Part 1
THEODORE ROOSEVELT
THEODORE ROOSEVELT
AN ADDRESS DELIVERED BY
HENRY CABOT LODGE
BEFORE THE CONGRESS OF THE UNITED STATES
_February ninth Nineteen hundred and nineteen_
_Privately printed in Boston_
_There have been privately printed by the McGrath-Sherrill Press three hundred copies of this book of which this is number_
THEODORE ROOSEVELT
A tower is fallen, a star is set! Alas! Alas! for Celin.
The words of lamentation from the old Moorish ballad, which in boyhood we used to recite, must, I think, have risen to many lips when the world was told that Theodore Roosevelt was dead. But whatever the phrase the thought was instant and everywhere. Variously expressed, you heard it in the crowds about the bulletin boards, from the man in the street and the man on the railroads, from the farmer in the fields, the women in the shops, in the factories, and in the homes. The pulpit found in his life a text for sermons. The judge on the bench, the child at school, alike paused for a moment, conscious of a loss. The cry of sorrow came from men and women of all conditions, high and low, rich and poor, from the learned and the ignorant, from the multitude who had loved and followed him, and from those who had opposed and resisted him. The newspapers pushed aside the absorbing reports of the events of these fateful days and gave pages to the man who had died. Flashed beneath the ocean and through the air went the announcement of his death, and back came a world-wide response from courts and cabinets, from press and people, in other and far-distant lands.
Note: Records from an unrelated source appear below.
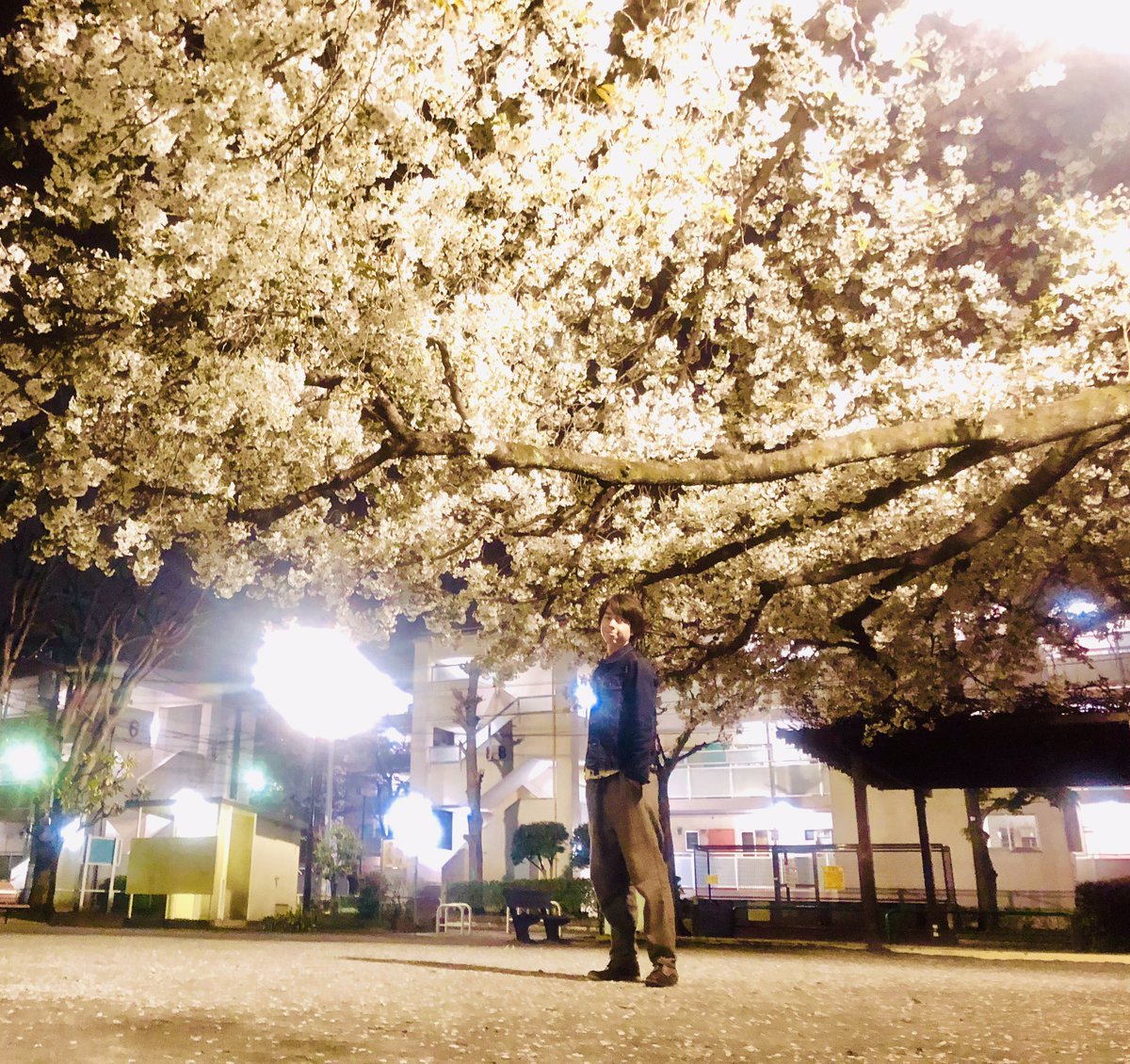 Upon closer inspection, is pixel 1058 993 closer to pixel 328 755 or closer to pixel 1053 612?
pixel 1053 612

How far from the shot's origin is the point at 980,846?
1806 centimetres

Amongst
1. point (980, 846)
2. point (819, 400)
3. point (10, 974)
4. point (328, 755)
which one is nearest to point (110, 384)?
point (10, 974)

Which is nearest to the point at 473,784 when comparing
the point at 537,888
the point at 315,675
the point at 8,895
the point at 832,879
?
the point at 537,888

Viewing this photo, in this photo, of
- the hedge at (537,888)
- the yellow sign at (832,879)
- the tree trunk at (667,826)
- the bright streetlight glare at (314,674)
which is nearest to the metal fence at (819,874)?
the yellow sign at (832,879)

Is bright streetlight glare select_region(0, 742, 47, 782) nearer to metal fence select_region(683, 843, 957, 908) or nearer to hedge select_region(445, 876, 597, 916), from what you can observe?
hedge select_region(445, 876, 597, 916)

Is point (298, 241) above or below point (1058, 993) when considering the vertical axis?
above

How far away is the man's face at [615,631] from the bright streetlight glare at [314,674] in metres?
10.0

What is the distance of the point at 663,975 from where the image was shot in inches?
201

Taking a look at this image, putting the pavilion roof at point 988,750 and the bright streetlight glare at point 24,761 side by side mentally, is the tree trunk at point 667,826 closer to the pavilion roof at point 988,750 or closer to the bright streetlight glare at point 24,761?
the pavilion roof at point 988,750

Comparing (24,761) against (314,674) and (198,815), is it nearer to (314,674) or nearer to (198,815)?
(198,815)

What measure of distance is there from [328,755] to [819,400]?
13.5 meters

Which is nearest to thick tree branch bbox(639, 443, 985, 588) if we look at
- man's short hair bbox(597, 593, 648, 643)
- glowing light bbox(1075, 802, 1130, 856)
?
man's short hair bbox(597, 593, 648, 643)

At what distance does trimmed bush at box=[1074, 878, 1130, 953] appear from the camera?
12547mm

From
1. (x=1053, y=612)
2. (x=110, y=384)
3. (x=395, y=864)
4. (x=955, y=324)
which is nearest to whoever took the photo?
(x=110, y=384) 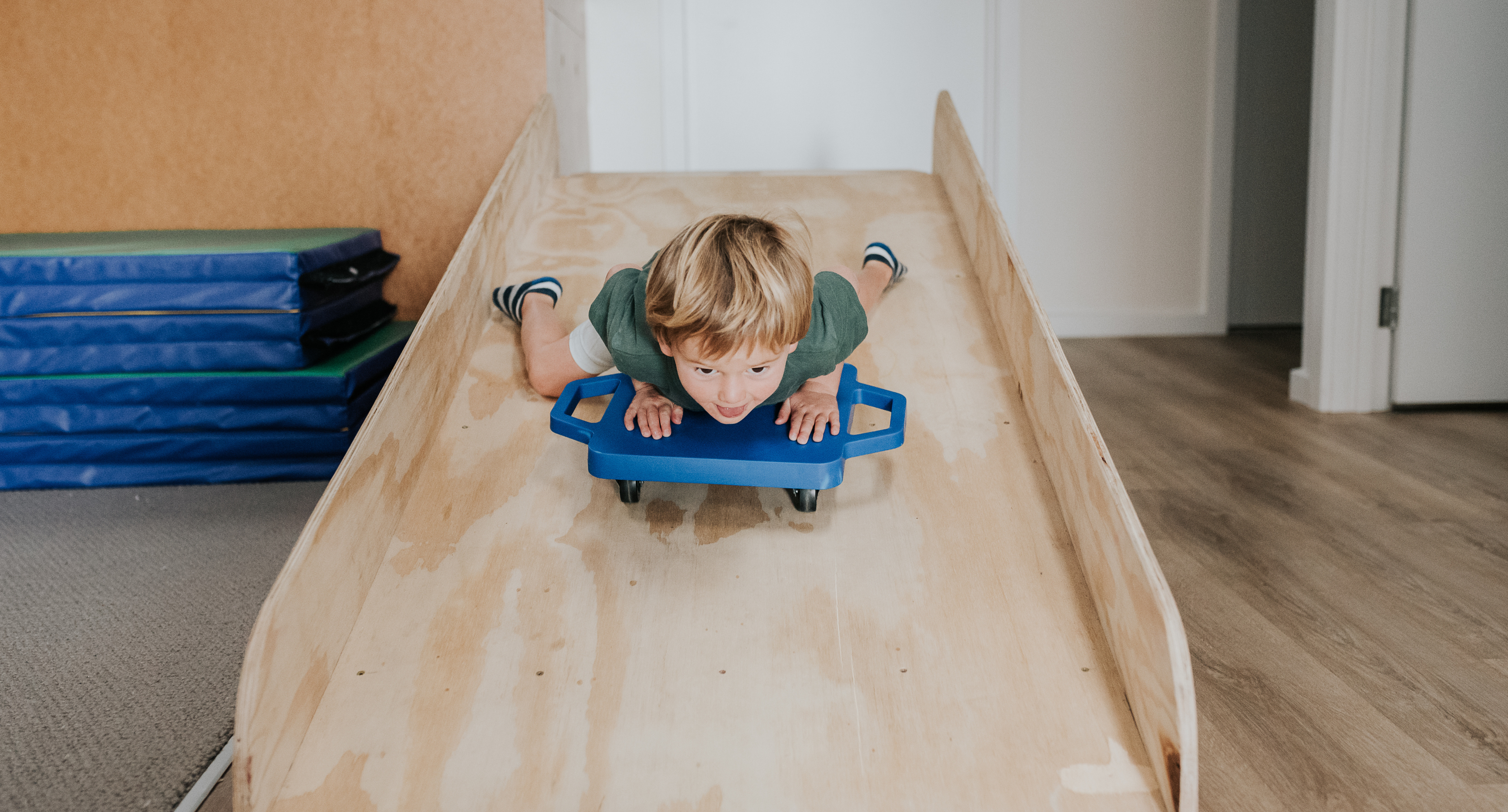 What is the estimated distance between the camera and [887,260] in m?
1.42

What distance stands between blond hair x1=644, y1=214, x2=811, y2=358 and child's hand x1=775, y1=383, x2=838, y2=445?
10 cm

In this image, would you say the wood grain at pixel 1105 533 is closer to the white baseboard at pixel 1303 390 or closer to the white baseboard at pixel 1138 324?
the white baseboard at pixel 1303 390

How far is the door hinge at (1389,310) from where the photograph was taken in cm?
218

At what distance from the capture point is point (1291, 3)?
136 inches

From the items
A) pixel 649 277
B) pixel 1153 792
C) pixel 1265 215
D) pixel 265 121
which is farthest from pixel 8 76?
pixel 1265 215

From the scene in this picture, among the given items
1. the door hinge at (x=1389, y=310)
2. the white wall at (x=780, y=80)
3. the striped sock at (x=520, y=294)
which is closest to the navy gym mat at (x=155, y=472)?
the striped sock at (x=520, y=294)

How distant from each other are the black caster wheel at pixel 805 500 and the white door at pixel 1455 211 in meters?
1.89

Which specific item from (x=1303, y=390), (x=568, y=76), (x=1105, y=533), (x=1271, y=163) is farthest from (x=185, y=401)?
(x=1271, y=163)

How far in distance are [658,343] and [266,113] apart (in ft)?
4.81

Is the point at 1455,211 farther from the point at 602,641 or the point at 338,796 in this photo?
the point at 338,796

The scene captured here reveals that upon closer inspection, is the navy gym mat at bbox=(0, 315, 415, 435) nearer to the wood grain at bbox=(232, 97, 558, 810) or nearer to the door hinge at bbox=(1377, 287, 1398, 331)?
the wood grain at bbox=(232, 97, 558, 810)

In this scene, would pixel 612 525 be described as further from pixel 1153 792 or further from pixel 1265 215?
pixel 1265 215

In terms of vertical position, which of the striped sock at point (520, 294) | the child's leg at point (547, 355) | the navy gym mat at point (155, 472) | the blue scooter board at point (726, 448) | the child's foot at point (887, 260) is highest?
the child's foot at point (887, 260)

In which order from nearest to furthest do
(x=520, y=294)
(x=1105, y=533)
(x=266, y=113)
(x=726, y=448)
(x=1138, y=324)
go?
(x=1105, y=533) < (x=726, y=448) < (x=520, y=294) < (x=266, y=113) < (x=1138, y=324) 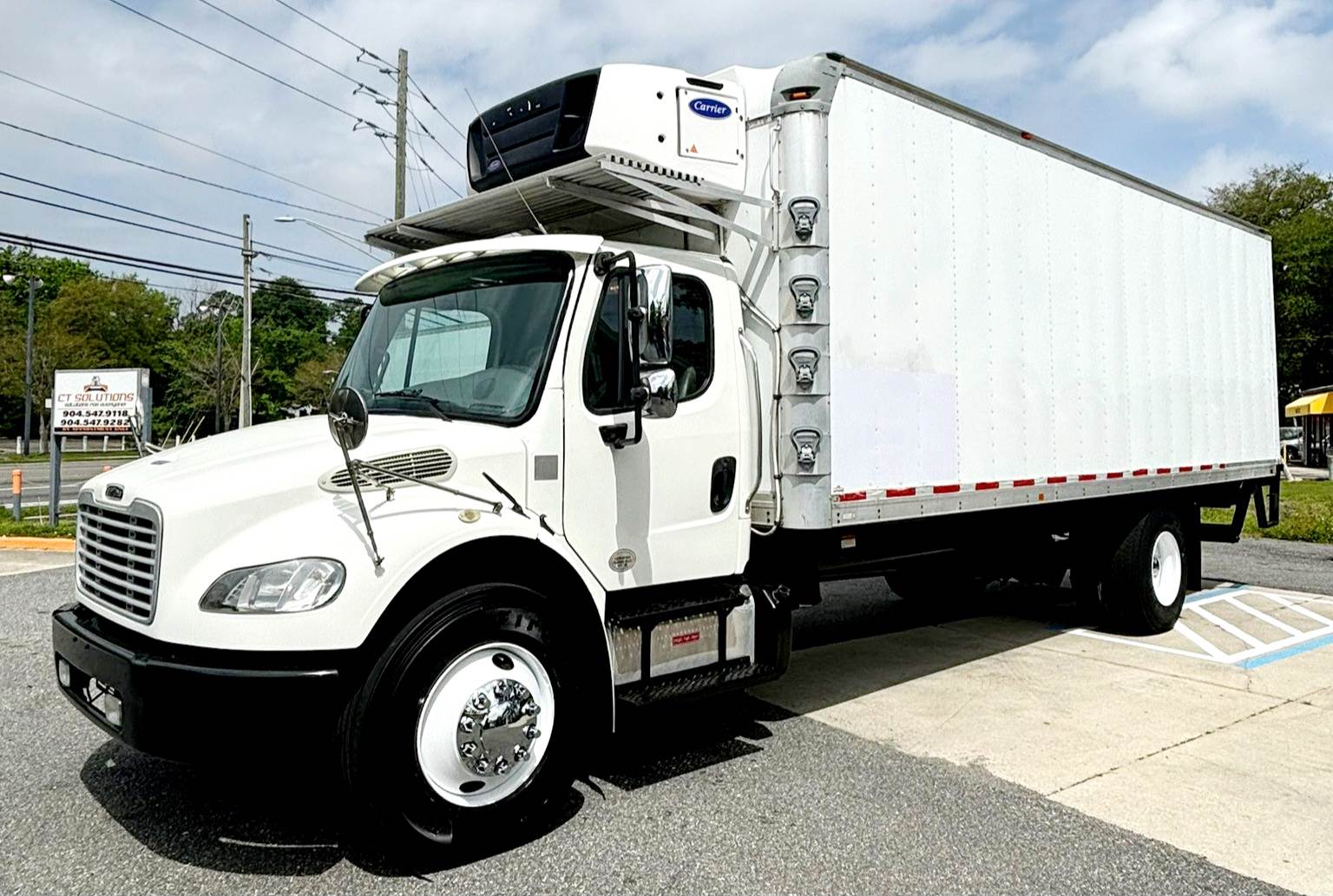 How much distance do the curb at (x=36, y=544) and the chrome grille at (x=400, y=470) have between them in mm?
11606

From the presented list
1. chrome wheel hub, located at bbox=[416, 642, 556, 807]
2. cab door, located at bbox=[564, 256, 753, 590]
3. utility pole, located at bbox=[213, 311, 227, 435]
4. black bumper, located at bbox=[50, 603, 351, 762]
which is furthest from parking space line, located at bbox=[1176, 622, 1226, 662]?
utility pole, located at bbox=[213, 311, 227, 435]

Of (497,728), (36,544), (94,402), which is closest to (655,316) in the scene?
(497,728)

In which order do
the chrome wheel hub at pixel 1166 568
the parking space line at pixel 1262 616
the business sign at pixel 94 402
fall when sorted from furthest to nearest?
the business sign at pixel 94 402 < the parking space line at pixel 1262 616 < the chrome wheel hub at pixel 1166 568

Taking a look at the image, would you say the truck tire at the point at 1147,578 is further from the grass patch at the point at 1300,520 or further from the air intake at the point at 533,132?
the grass patch at the point at 1300,520

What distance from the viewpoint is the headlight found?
342 centimetres

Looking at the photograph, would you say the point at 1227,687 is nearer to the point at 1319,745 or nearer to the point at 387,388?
the point at 1319,745

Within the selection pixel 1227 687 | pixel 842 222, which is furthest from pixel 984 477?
pixel 1227 687

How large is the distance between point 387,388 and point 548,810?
6.96 ft

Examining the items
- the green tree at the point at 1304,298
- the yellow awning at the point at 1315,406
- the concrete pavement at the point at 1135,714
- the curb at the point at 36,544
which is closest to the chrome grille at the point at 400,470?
the concrete pavement at the point at 1135,714

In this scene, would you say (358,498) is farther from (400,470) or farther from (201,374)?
(201,374)

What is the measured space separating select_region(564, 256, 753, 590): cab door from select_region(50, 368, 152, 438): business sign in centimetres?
1468

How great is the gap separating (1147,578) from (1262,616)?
6.32 feet

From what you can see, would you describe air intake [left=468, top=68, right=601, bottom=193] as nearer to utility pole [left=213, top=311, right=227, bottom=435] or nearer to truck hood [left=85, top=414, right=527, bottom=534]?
truck hood [left=85, top=414, right=527, bottom=534]

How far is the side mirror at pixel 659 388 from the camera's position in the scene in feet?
14.4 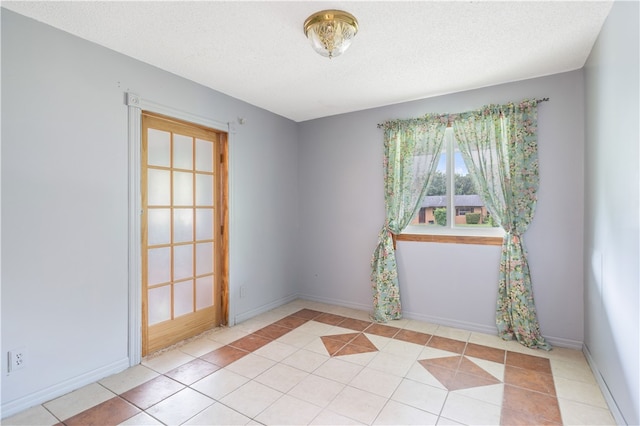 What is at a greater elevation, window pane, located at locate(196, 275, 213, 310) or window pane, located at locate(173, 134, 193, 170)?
window pane, located at locate(173, 134, 193, 170)

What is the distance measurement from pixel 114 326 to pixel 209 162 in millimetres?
1732

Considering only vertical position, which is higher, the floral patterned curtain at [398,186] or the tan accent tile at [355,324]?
the floral patterned curtain at [398,186]

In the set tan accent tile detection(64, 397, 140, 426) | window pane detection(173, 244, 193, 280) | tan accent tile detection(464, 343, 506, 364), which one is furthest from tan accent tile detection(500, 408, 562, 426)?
window pane detection(173, 244, 193, 280)

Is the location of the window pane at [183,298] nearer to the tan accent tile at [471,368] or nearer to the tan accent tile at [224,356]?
the tan accent tile at [224,356]

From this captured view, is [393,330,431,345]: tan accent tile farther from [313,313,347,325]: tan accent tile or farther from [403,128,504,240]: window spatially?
[403,128,504,240]: window

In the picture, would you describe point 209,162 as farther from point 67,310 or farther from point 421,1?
point 421,1

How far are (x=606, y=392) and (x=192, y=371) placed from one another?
291cm

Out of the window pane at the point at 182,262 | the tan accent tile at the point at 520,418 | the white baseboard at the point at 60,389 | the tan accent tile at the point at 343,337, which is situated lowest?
the tan accent tile at the point at 520,418

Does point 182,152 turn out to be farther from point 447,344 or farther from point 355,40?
point 447,344

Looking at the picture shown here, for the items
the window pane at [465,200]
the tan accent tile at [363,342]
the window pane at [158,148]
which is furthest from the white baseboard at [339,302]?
the window pane at [158,148]

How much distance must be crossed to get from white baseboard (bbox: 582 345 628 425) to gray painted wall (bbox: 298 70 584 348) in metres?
0.35

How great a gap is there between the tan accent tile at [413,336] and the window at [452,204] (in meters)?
1.09

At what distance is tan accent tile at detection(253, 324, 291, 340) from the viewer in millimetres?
3154

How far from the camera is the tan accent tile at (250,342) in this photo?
2904 mm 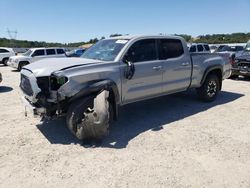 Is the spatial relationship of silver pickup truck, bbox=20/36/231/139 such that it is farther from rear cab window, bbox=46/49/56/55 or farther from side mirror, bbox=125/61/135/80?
rear cab window, bbox=46/49/56/55

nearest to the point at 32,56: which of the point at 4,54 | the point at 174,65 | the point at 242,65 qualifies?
the point at 4,54

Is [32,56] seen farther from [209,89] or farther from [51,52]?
[209,89]

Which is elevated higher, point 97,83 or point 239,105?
point 97,83

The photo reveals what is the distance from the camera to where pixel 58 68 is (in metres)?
4.54

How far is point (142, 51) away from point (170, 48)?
3.22 ft

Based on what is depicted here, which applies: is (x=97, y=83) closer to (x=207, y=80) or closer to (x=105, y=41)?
(x=105, y=41)

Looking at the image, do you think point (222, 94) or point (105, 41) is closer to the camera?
point (105, 41)

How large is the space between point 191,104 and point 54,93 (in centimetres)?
426

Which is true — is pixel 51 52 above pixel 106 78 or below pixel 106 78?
above

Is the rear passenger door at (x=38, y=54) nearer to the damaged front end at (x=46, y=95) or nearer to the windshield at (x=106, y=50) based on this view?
the windshield at (x=106, y=50)

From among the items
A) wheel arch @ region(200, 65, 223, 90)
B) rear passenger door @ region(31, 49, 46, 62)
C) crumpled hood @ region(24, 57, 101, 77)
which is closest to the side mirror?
crumpled hood @ region(24, 57, 101, 77)

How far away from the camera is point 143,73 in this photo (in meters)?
5.51

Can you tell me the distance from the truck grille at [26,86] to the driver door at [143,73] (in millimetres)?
1789

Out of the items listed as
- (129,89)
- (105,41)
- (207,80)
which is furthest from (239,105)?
(105,41) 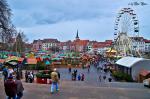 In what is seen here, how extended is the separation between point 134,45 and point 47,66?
35.3 meters

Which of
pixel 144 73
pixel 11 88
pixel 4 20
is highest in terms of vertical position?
pixel 4 20

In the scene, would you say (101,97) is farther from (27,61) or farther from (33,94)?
(27,61)

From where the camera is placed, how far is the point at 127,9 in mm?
78688

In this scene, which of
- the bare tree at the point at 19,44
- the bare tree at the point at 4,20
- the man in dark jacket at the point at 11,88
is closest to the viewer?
the man in dark jacket at the point at 11,88

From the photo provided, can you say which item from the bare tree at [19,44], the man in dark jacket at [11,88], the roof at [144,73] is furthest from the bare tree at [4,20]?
the bare tree at [19,44]

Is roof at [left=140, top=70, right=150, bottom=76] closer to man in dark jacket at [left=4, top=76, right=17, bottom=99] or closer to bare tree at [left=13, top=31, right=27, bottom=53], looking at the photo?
man in dark jacket at [left=4, top=76, right=17, bottom=99]

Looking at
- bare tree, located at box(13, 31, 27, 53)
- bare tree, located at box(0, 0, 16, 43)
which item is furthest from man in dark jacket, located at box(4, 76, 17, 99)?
bare tree, located at box(13, 31, 27, 53)

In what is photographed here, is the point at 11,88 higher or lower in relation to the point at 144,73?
higher

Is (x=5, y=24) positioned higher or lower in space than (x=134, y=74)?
higher

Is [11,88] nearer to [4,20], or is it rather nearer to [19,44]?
[4,20]

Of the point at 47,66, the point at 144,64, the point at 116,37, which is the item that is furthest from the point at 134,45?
the point at 144,64

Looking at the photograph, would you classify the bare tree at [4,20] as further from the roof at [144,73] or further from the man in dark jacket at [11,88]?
the man in dark jacket at [11,88]

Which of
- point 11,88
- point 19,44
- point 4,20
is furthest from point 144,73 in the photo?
point 19,44

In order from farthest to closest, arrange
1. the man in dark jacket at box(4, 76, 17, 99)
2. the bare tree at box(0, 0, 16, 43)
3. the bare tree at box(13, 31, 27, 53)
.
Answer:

Through it all ran a golden thread of personal feeling which gleams so rarely in the somber formalism of public grief. Everywhere the people felt in their hearts that:
A power was passing from the Earth To breathless Nature's dark abyss.
It would seem that here was a man, a private citizen, conspicuous by no office, with no glitter of power about him, no ability to reward or punish, gone from the earthly life, who must have been unusual even among the leaders of men, and who thus demands our serious consideration.
This is a thought to be borne in mind to-day. We meet to render honor to the dead, to the great American whom we mourn. But there is something more to be done. We must remember that when History, with steady hand and calm eyes, free from the passions of the past, comes to make up the final account, she will call as her principal witnesses the contemporaries of the man or the event awaiting her verdict. Here and elsewhere the men and women who knew Theodore Roosevelt or who belong to his period will give public utterance to their emotions and to their judgments in regard to him. This will be part of the record to which the historian will turn when our living present has become the past, of which it is his duty to write. Thus is there a responsibility placed upon each one of us who will clearly realize that here, too, is a duty to posterity, whom we would fain guide to the truth as we see it, and to whose hands we commit our share in the history of our beloved country--that history so much of which was made under his leadership.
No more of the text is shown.